En quoi votre expérience de joueur d'échecs a pu vous aider concrètement au cours de votre carrière ?

Echecs et stratégie d’entreprise de Luca Desiata aux Editions Dicoland.com

Luca Desiata : Lorsque je suis devenu manager après avoir été consultant, je me suis inspiré des échecs pour m'adapter à ce changement de poste. En tant que consultant, je disposais de de plus de temps et de recul pour élaborer une stratégie que lorsque je suis devenu manager.

Aussi, je me suis entraîné à la prise de décision rapide, en jouant aux échecs en mode "Blitz" (c'est-à-dire avec un temps limité pour chaque joueur de 5 minutes en tout pour jouer toute la partie d'échecs, ndlr). Aux échecs comme dans l'entreprise, la notion de temps est importante. Lorsque l'on dispose de temps, on réfléchit davantage en mode stratégique. En revanche, lorsque le temps est compté, on parle de mode tactique.

 

Dans la version française du livre qui vient de paraître en octobre 2015, Jean-Marc Pailhol, responsable de l'unité Distribution d'Allianz et qui a collaboré à l'ouvrage, souligne également l'importance du temps dans le secteur de l'assurance, où la rapidité d'incrémenter un nouveau business model avec Internet est indispensable. Globalement, les stratégies commerciales évoluent de plus en plus vite à mesure que le temps de l'innovation se réduit.

 

Le parallèle des échecs ne concernent-ils que les postes de dirigeants ?

Luca Desiata : Non. Le succès d'une entreprise ne dépend pas que de la seule stratégie globale élaborée par son dirigeant ou son Comité Directeur. Il existe des stratégies à tous les niveaux, y compris pour les managers de 2e et de 3e rang. Tout comme aux échecs, où statistiquement on ne gagne pas plus en pensant à la stratégie finale, mais à chacun des coups joués. En revanche, dans les deux domaines, l'expérience entre en ligne de compte. Même si un débutant et un champion d'échecs peuvent avoir la même capacité de calcul, l'expérience du champion lui permet de voir directement le chemin à prendre. Il en va de même pour le manager expérimenté.

 

Dans votre ouvrage, vous évoquez les émotions. Quel sont leurs rôles ?

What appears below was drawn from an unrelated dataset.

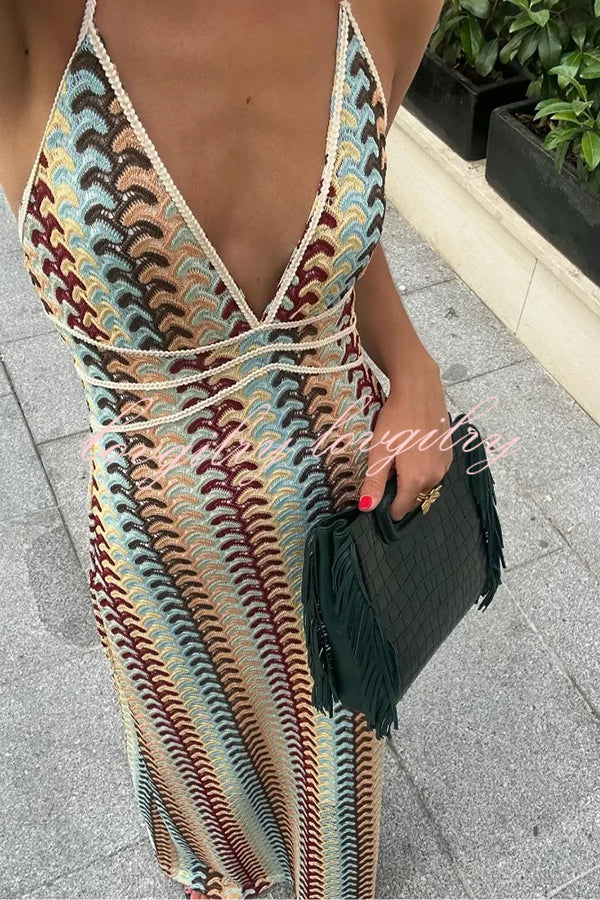 Playful Colorful Knit Holiday Style Halter Neck Maxi Dress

Les émotions sont un outil de décision à part entière. Il ne s'agit pas de les gérer, mais d'avoir conscience que, in fine, se sont elles qui nous guident dans nos choix. Par exemple, aux échecs, l'ouverture au pion de Dame ou de Roi en début de partie offre statistiquement la même possibilité de gagner ou de perdre. Mais chaque joueur, au-delà de la logique et du calcul, joue selon ses préférences, son plaisir, ses émotions. De la même manière, le manager, après avoir réalisé des analyses et des audits pour prendre une décision, va se retrouver ainsi avec deux ou trois options équivalentes. Ce dernier va donc faire jouer son feeling pour prendre sa décision finale.